I’ve not seen the name ‘Jyoti’ around as much as I have the last few days, for obvious reasons surrounding the “India’s Daughter” documentary, and it’s made me think about my maternal grandmother who shared that name. I had the good fortune of being raised and tolerated by some kind and very patient women who are thankfully still in my life and so today seems a good time to reflect on the one who isn’t.

My “Biji Ba” (basically meaning ‘other grandma’, which isn’t a great nickname in hindsight but felt affectionate enough growing up) was really bloody small, I think the smallest in a family of tiny ladies. I sometimes forget her face and voice, but the *lightness* of her is baked into my muscle memory.
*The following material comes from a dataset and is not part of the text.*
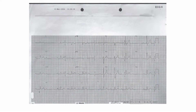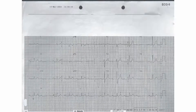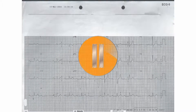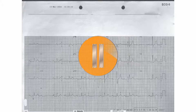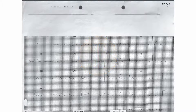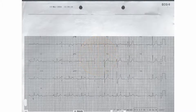This is the ECG of a patient who came to hospital with a collapse. Pause this recording now and interpret the ECG on your own, before pressing play again to hear me interpret the ECG.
She got to ‘pick’ my granddad from a selection of other blokes. My granddad showing me the photo that won it for him – casual pose, smart suit – is one of my favourite adult memories. She was a lot younger than him and it was still effectively an arranged marriage, but theirs was the strongest, most loving relationship in my family and I still hold it as a model for the affection and utter respect that married life should be built on.

She was naturally excellent at maths, despite not really having an education, which served her well when she moved over here and worked in a screw factory, enduring the taunts and spits of the other workers, some of whom I understand were members of the union that my granddad was a representative of. Which must’ve led to some interesting dinner-time conversations…

Of course, she wasn’t a saint herself, she had some objectionable old-school views, but she was progressive in enough ways – including regarding difference in caste between my Dad and my Mum – that overall I’m ok with giving her a pass.

Her death, nearly ten years ago now, had as a profound effect on me as her life, since she was the first person close to me to die. The dissonance between her last physical states – seeing her scared and struggling to breathe in a hospital and then hard as granite in the backroom of an undertakers a few days later – still sits with me. But her last act does more so: She gave all the money she had to buy computers for a girls’ orphanage in India so those kids could get the education she was always denied. I remember hearing about that as a scruffy, sad 19 year old who just delivered a speech at her funeral and that fact punching through the misery and just leaving me totally in awe of her.

My Biji Ba, and the women of her generation, have a legacy of courage and perseverance that’s flourished into better lives with varied prospects for those that followed them. I see it in my sister – a former marine engineer, fixing engines on ships all over the world, now back home running the shops that my mum was a driving force in creating. I see it in my cousin who’s overcome horrific illness that I can’t imagine how I’d begin to handle with resilience and grace and now has a job in law as she always wanted (even if she is a bit mental when it comes to cats).

They’re incredible, sophisticated, messy people whose narratives and aspirations, as a gender, tend to get buried under the histories of Great Men, so it’s been wonderful seeing some of those tales get excavated over the last few days and it excites me to imagine all the stories our daughters will get to tell – both of their lives and the ones that are yet to come.